Seeing it plainly at sixty.
I never imagined that, at the age of 60, I would find myself writing something like this.
For much of my life, I believed, as most of us do, that the institutions of this country, while imperfect, were at least guided by a baseline of honesty, integrity and accountability.
We grew up believing that the rule of law was the backbone of Britain: that police served the people, prosecutors acted independently and oversight bodies existed to protect the public when things went wrong.
But today, I see a very different reality
.
Through years of digging, filing reports, following evidence, and engaging directly with the authorities, I have come face-to-face with a system that appears increasingly insidious. Each response I’ve received, whether from police, prosecutors, or oversight bodies, paints a consistent picture: not of error or incompetence, but of deliberate obstruction, suppression and self-protection.
Police forces refusing to investigate well-evidenced allegations, hiding behind technicalities.

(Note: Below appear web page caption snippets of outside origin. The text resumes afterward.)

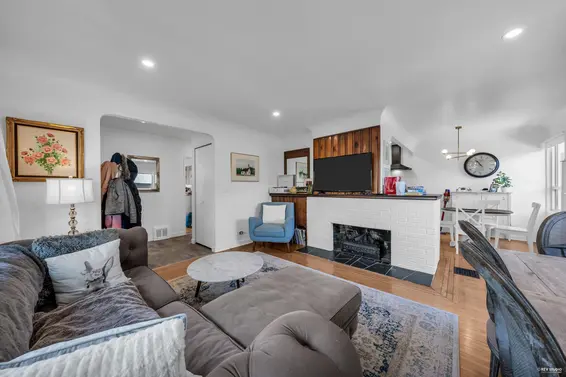 441 Tempe Crescent, North Vancouver For Sale - image 4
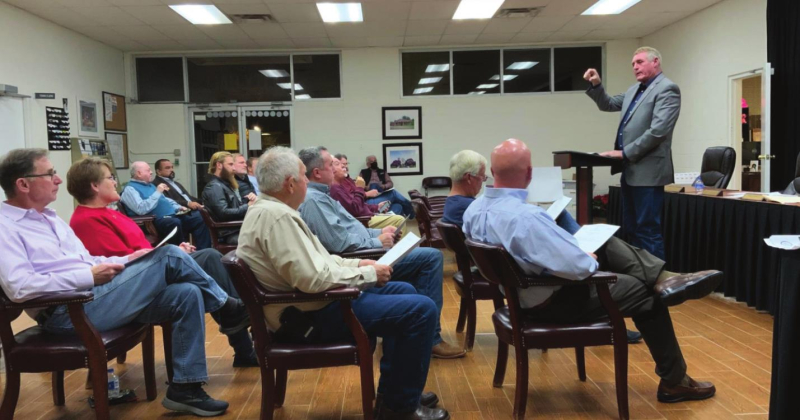 Rep. Schamerhorn visits Sabine for town hall meeting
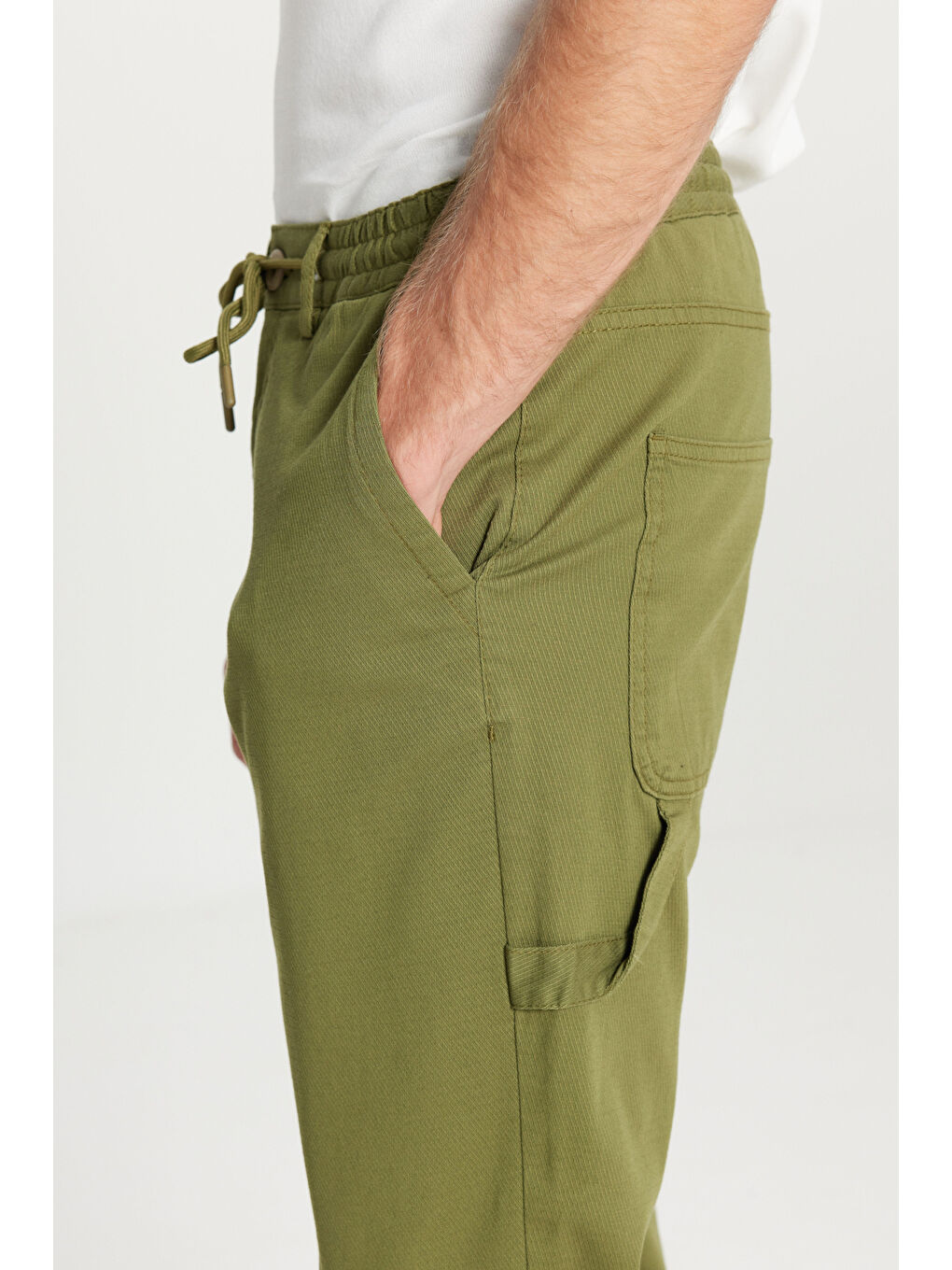 Erkek Haki Oversize Bol Kesim Beli Bağlamalı Pamuklu Esnek Armürlü Yan Cepli Pantolon-4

National guidance instructing officers to reject whole categories of complaints.
Prosecutors admitting they will not even look at material unless the very police under suspicion choose to hand it over.

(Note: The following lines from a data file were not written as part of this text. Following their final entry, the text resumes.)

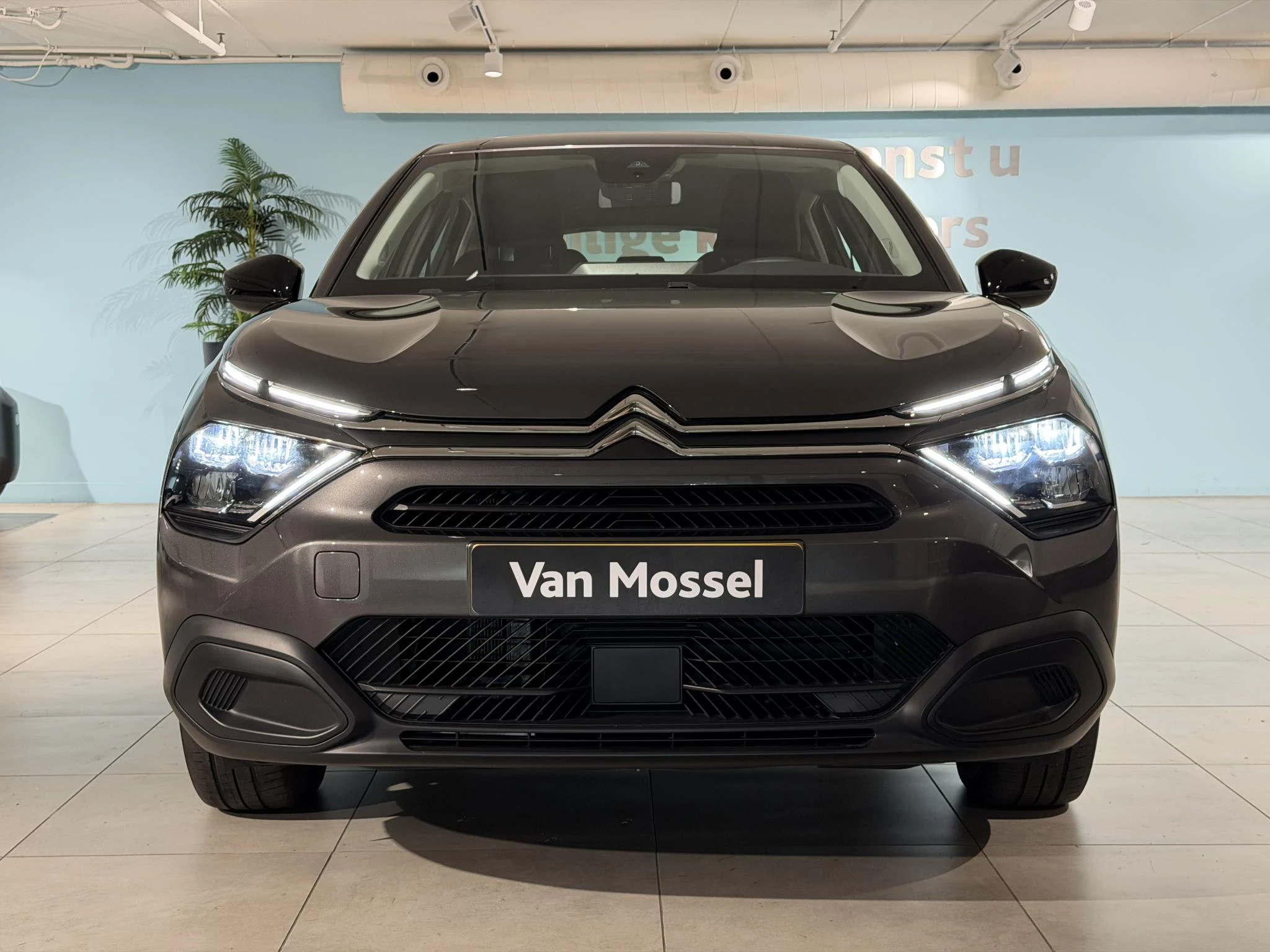 Citroën-ë-C4-image-8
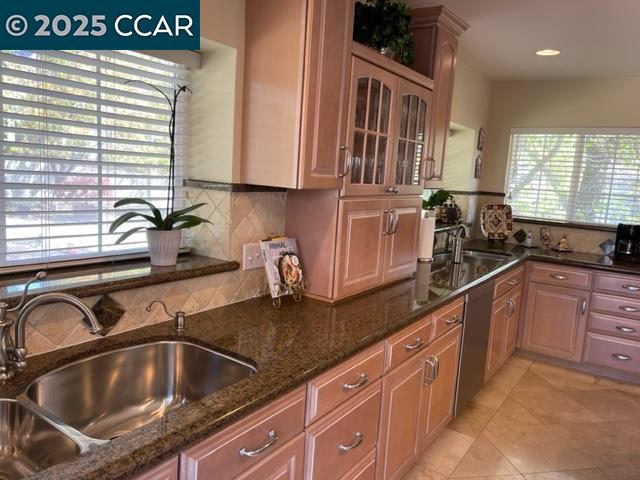 Detail Gallery Image 13 of 32 For 4340 Walnut Blvd, Walnut Creek,  CA 94596 - 3 Beds | 2 Baths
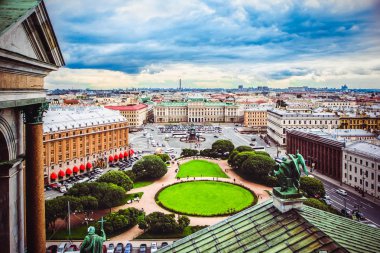 Panoramik Mariinsky Sarayı ve St. Isaac's Square yükseklikten Azize St. Isaac katedralinin (Isaakievskiy Sobor), St Petersburg, Rusya Federasyonu.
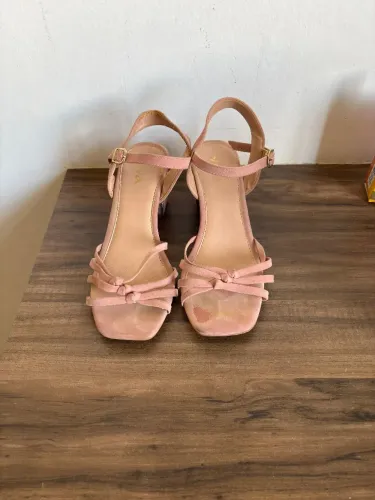 Sandália  Salto Bloco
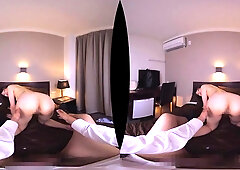 Japanese beauty shares passionate intense virtual sensual desire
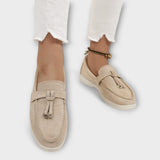 https://cdn.shopify.com/s/files/1/1057/5383/7908/files/damen-beige-loafer-elegant_3-Photoroom.jpg?v=1785187842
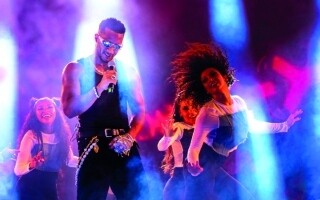 Egyptian Singer Hany Shakker Closes Abu Dhabi Arabic Music Festival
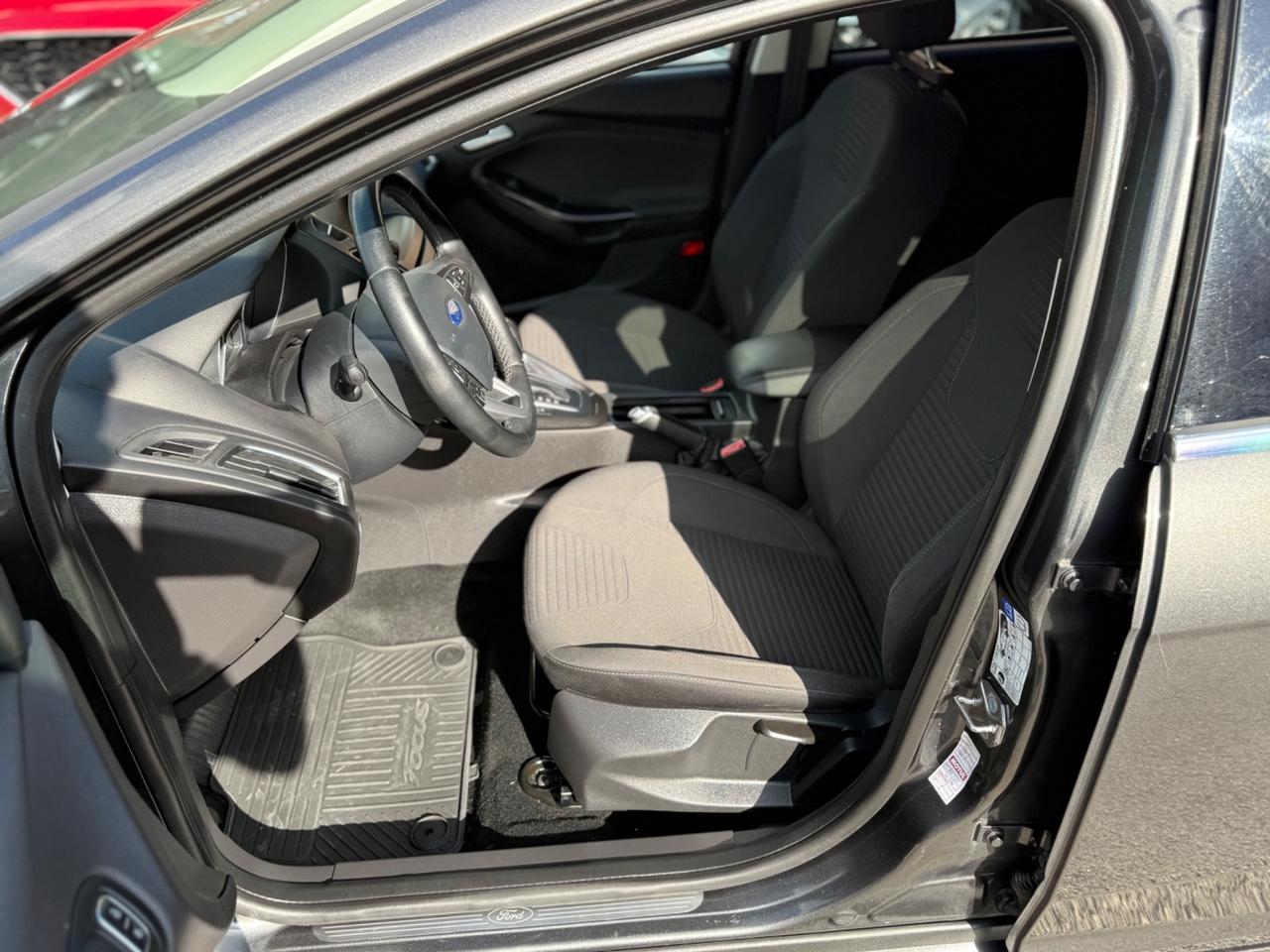 Ford Focus 1.5 TDCi 120 CV S&S Powershift SW Titanium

Oversight bodies sending citizens in endless circles, back to the same authorities accused of wrongdoing.
The effect is a closed loop: allegations are buried at the point of entry, never reaching daylight. Justice becomes a façade, while the machinery of state shields itself from scrutiny.

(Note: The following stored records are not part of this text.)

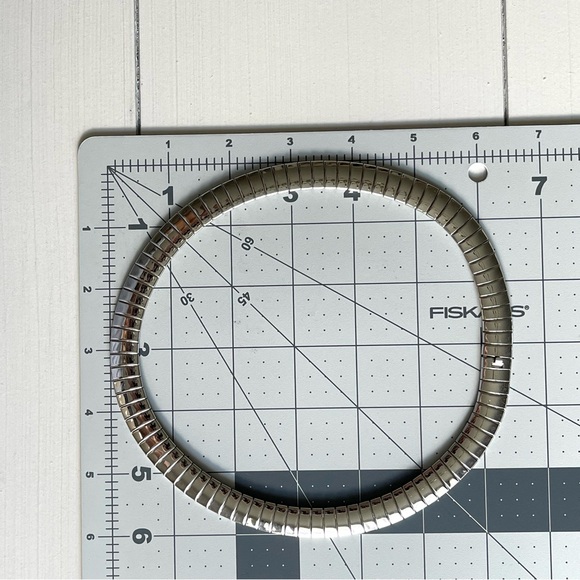 VINTAGE | CHUNKY SILVER TONE OMEGA CHAIN PANEL COLLAR 5.5" Inner Diameter - Picture 12 of 12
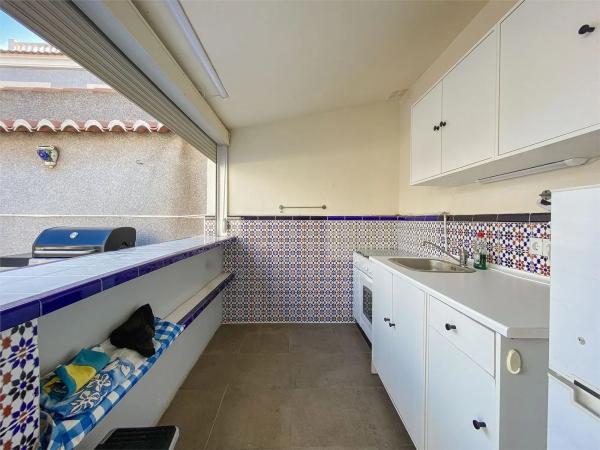 Casa independiente en calle James Ensor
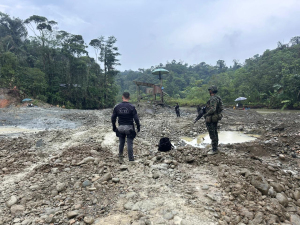 La Fuerza Pública destruyó maquinaria que producía 1.200 millones de pesos mensuales en extracción ilícita de oro en el Bajo Calima 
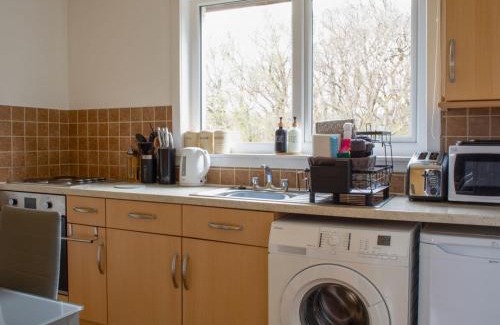 Staffin Casa | Holiday Home Alan's House by Interhome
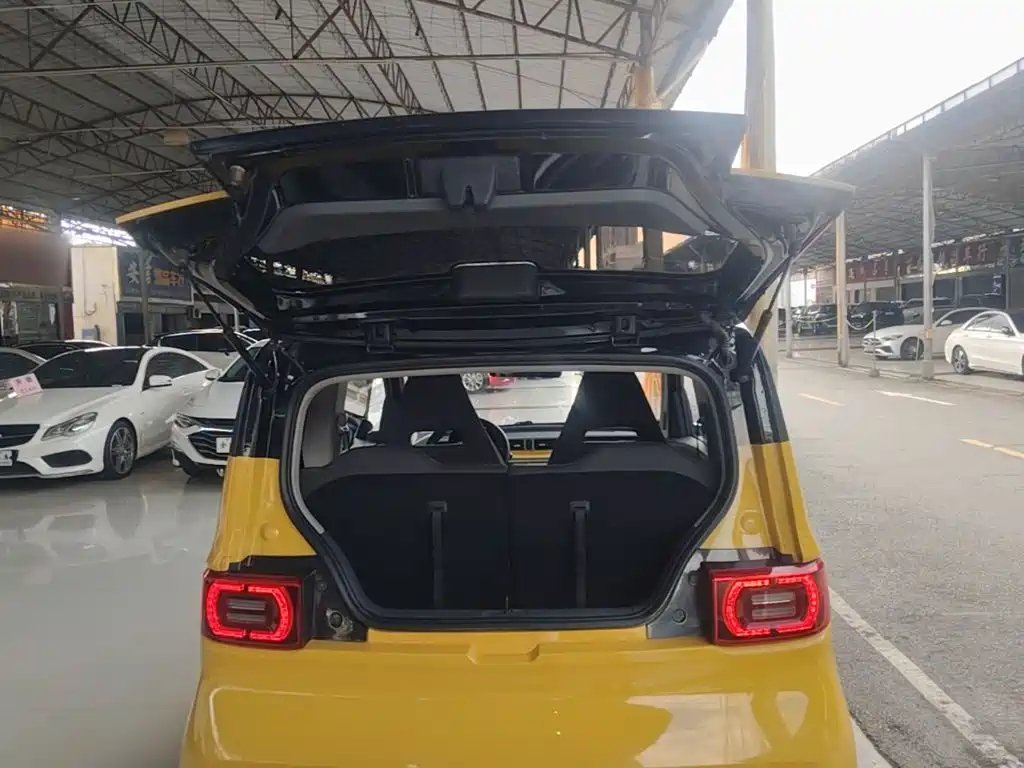 Wuling MINIEV — миниатюра 19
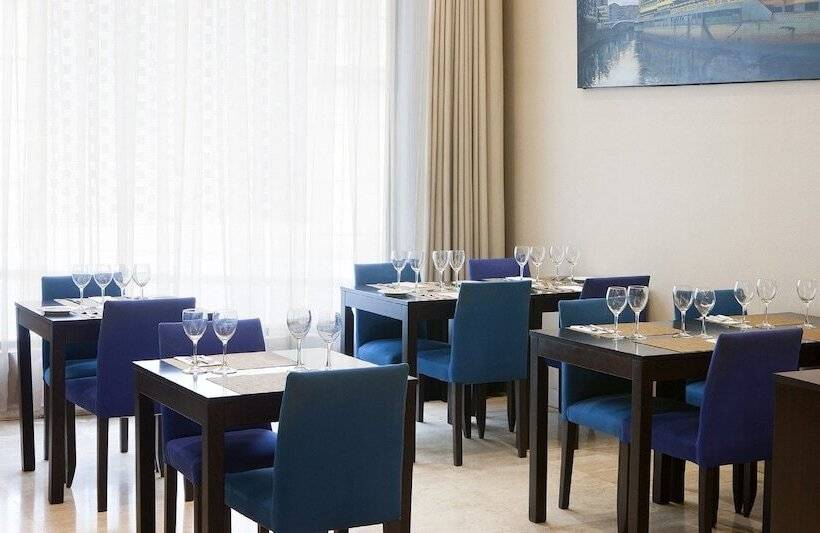 هتل NH Bilbao Deusto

At times, it has felt unreal. Like many others, I ask myself: How can this be happening in Britain, of all places?
But the evidence is there. Once you see the pattern, you cannot unsee it.
And if you, like me, feel that gnawing sense of disbelief - that moment when the ground shifts beneath you and you realise the trust you placed in institutions may have been misplaced, know this: you are not alone.
I share these reflections not to spread despair, but to shine light. There is strength in recognising truth together. The more of us who see plainly, the harder it becomes for institutions to hide behind their façades.
I have learned that clarity often comes later in life, when the noise falls away and the patterns become obvious.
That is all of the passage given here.